I'm running a netstat | wc -l
in watch, it's now up to 171 172 :grin:
Edit 12 hours later: Now up to 310 before I knifed it to update to 0.3.7.
This comment was originally posted by @osmarks at https://github.com/matrix-org/dendrite/issues/1676#issuecomment-770294640.
I ran into the same issue after only a few hours of running it, so it looks like it's not purely based on time. What logs do you need to help debug this?
This comment was originally posted by @neilalexander at https://github.com/matrix-org/dendrite/issues/1676#issuecomment-775867944.
Can you all please confirm which architecture you are running on? amd64
, aarch64
, etc.
This comment was originally posted by @PureTryOut at https://github.com/matrix-org/dendrite/issues/1676#issuecomment-775923218.
As mentioned on Matrix (posting it here to keep an overview), I'm running it on aarch64. Also Alpine Linux where Go is compiled with Musl rather than glibc (not sure if it matters).
This comment was originally posted by @osmarks at https://github.com/matrix-org/dendrite/issues/1676#issuecomment-776909731.
Can you all please confirm which architecture you are running on?
amd64
,aarch64
, etc.
My instance is on amd64. I haven't had the issue since then though.
This comment was originally posted by @jaywink at https://github.com/matrix-org/dendrite/issues/1676#issuecomment-776993149.
Can you all please confirm which architecture you are running on?
amd64
,aarch64
, etc.
amd64
This comment was originally posted by @viasux at https://github.com/matrix-org/dendrite/issues/1676#issuecomment-814455331.
I believe I am having the same issue. Federation tester shows no errors and the logs are very vague.
This comment was originally posted by @yaliqmadiq at https://github.com/matrix-org/dendrite/issues/1676#issuecomment-815868138.
Let's try to find out what goroutines are actually running at the time this behavior happens.
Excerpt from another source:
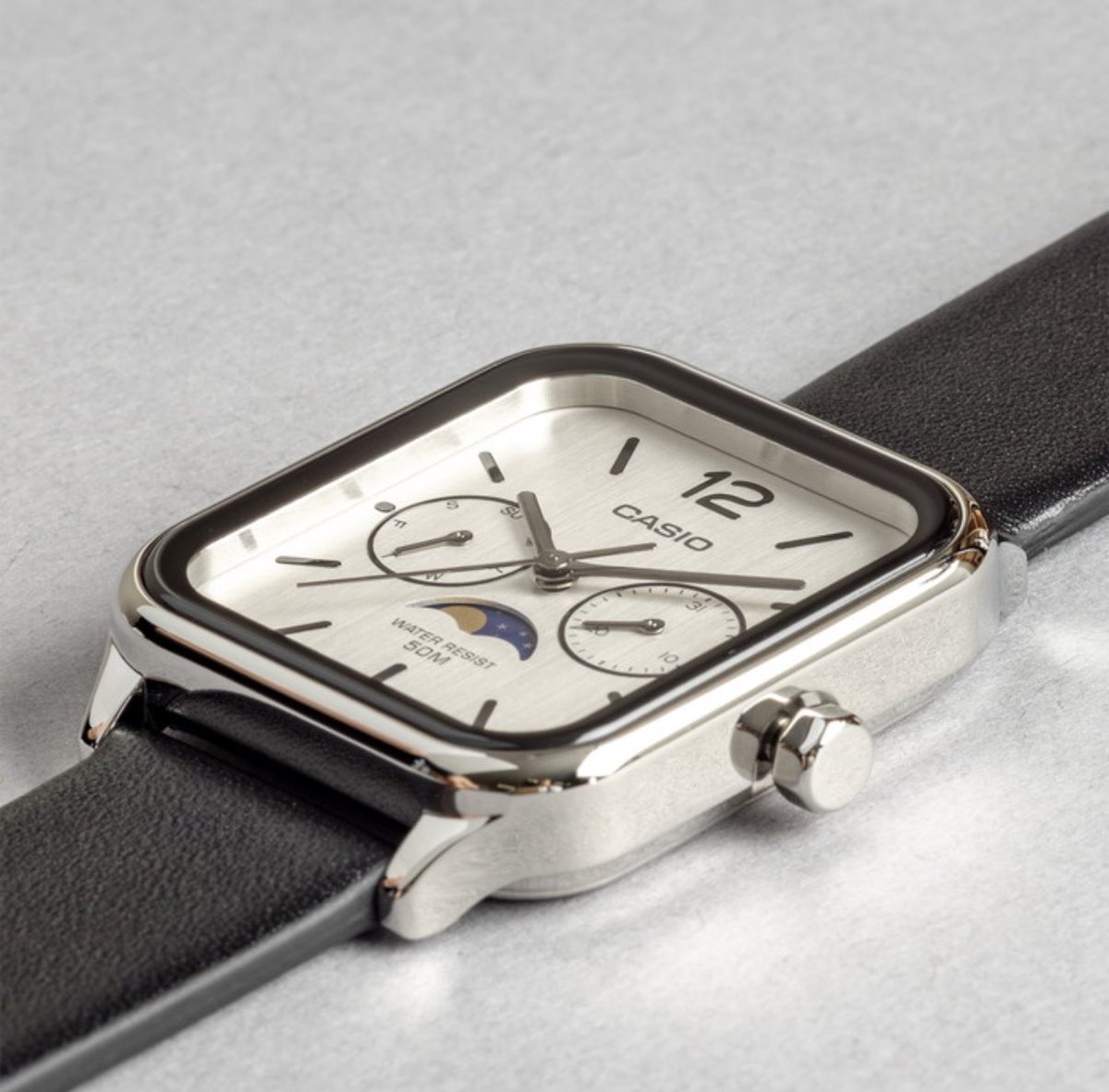 スクエアのCASIOもめっちゃ可愛い..。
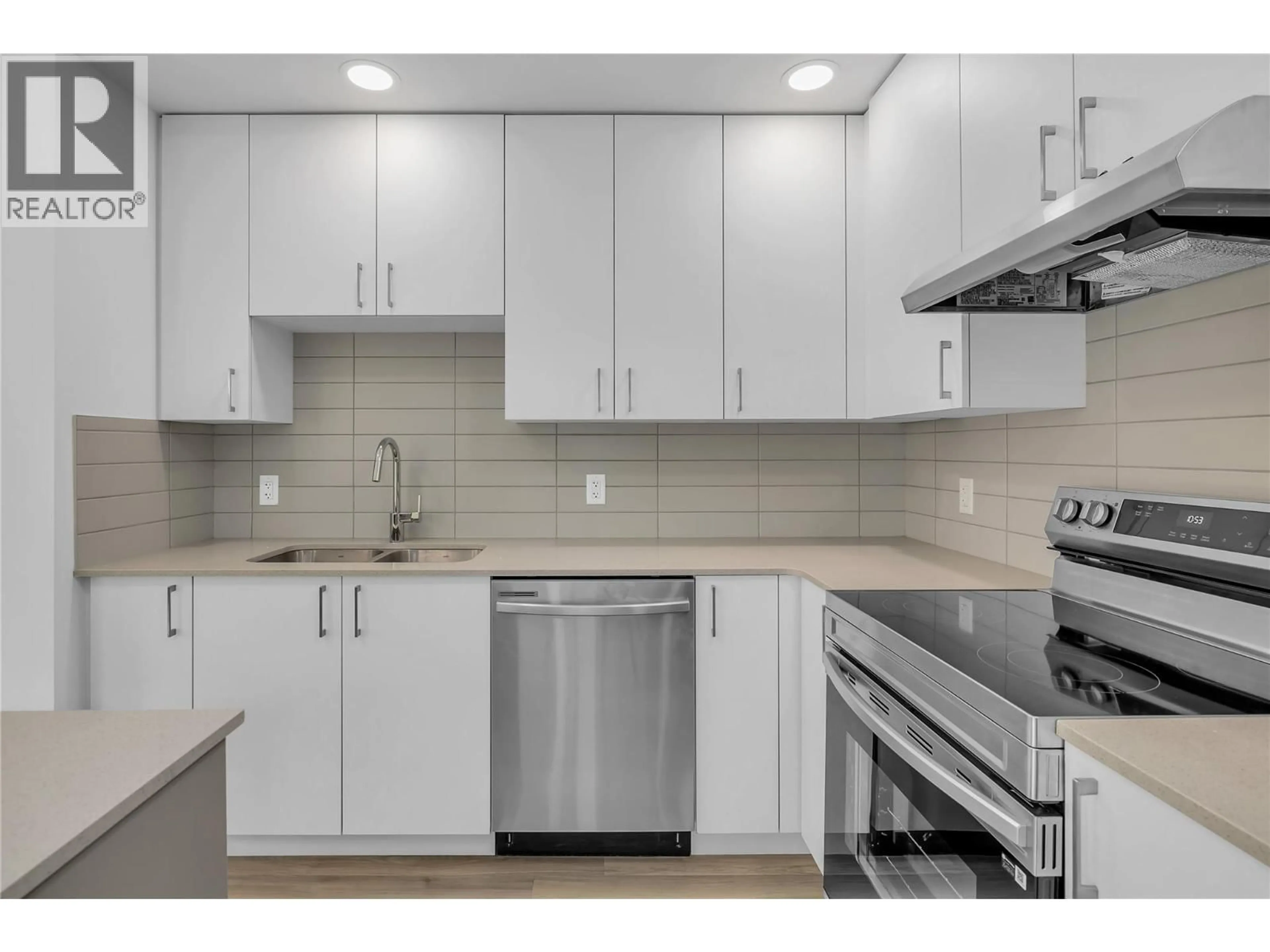 Standard kitchen, ceramic/tile floor for 118 - 1057 FROST ROAD, Kelowna British Columbia V1W0G7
Make sure your terminal has a massive buffer (10,000+ lines if possible) because I just tried to redirect sysout to a file and it doesn't work. (Opening a new issue to add a -o option to mono/poly)
Try this... next time the server freezes up like that:
ps -A | grep dend
and get the PID of dendrite
then do this:
kill -1 {pid}
Sending a SIGHUP or a SIGINT (kill code 2) should cause a Golang program like dendrite to spit out a full dump of all the goroutines that were running at the time of the halt including the callstack in each goroutine. This behavior smells like a goroutine leak in Dendrite.
At the end of the file there will be a massive dump of all the goroutines that were running and their callstacks which gives away which goroutine spawns are accumulating.
Probably capture the end part of the file where you sent SIGHUP to kill the server and grab that goroutine dump and paste it here. It might yield a clue as to who has spawned a goroutine leak.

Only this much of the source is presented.